I stumbled upon this section from John Piper’s article, “What God Requires, Christ Provides,” and found it extremely helpful:
For the Sake of My Family: Marriage
“I have a family to care for. My marriage must survive and thrive for the good of our children and the glory of Christ. God designed marriage to display the holy mercy of Christ and the happy submission of his church (see Eph. 5:21-25). Here the doctrine of justification by faith and the imputed righteousness of Christ can be a great marriage saver and sweetener.
Marriage seems almost impossible at times because both partners feel so self-justified in their expectations that are not being fulfilled. There is a horrible emotional dead end in the words, “But it’s just plain wrong for you to act that way,” followed by “That’s your perfectionistic perspective” or “Do you think you do everything right?” or by hopeless, resigned silence. The cycle of self-justified self-pity and anger can seem unbreakable.

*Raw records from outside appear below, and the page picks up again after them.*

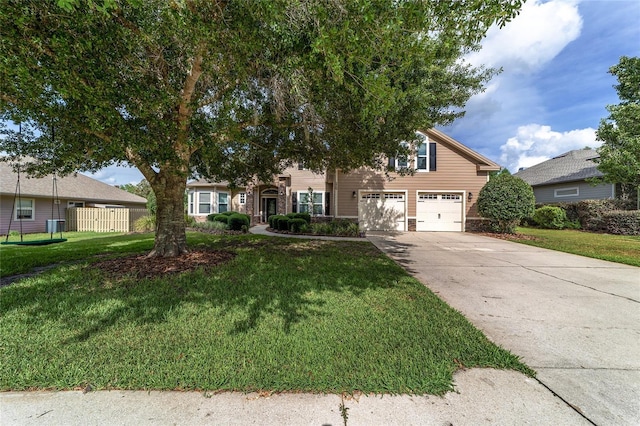 2909 NW 144th Ter, Newberry, FL 32669 - photo 3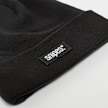 SNIPES Box Logo noir 353 3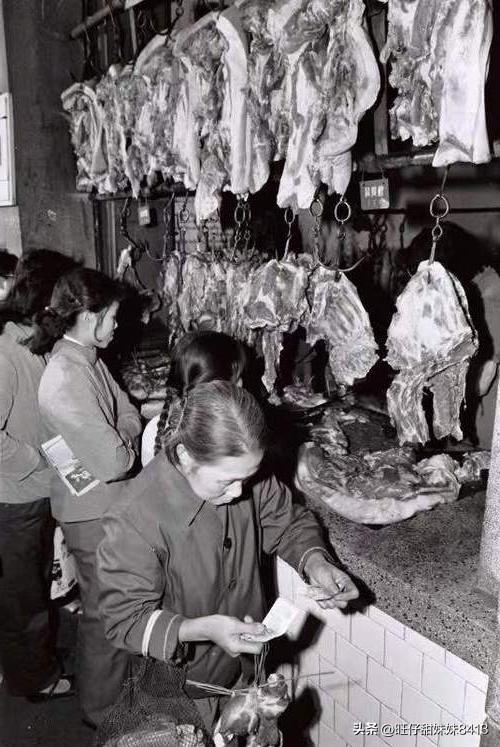40年前很吃香的八种铁饭碗，人人羡慕，如今已消失，做过的都老了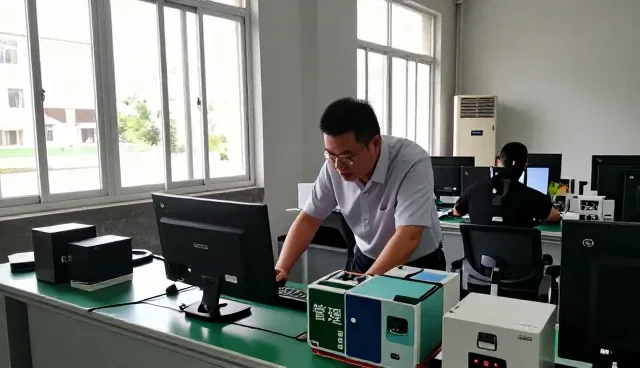 商务代理等时代下商务代理应用价值分析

But what if one or both partners becomes overwhelmed with the truth of justification by faith alone—and especially with the truth that in Christ Jesus God credits me, for Christ’s sake, as fulfilling all of his expectations? What happens if this doctrine so masters our souls that we begin to bend it from the vertical to the horizontal and apply it to our marriages? In our own imperfect efforts in this regard, there have been breakthroughs that seemed at times impossible. It is possible, for Christ’s sake, simply to say, “I will no longer think merely in terms of whether my expectations are met in practice. I will, for Christ’s sake, regard you the way God regards me—complete and accepted in Christ— and thus to be helped and blessed and nurtured and cherished, even if, in practice, you fail.” I know my wife treats me this way. And surely this is part of what Paul calls for when he says that we should forgive “one another, as God in Christ forgave you” (Eph. 4:32). There is more healing for marriage in the doctrine of the imputation of Christ’s righteousness than many of us have begun to discover.”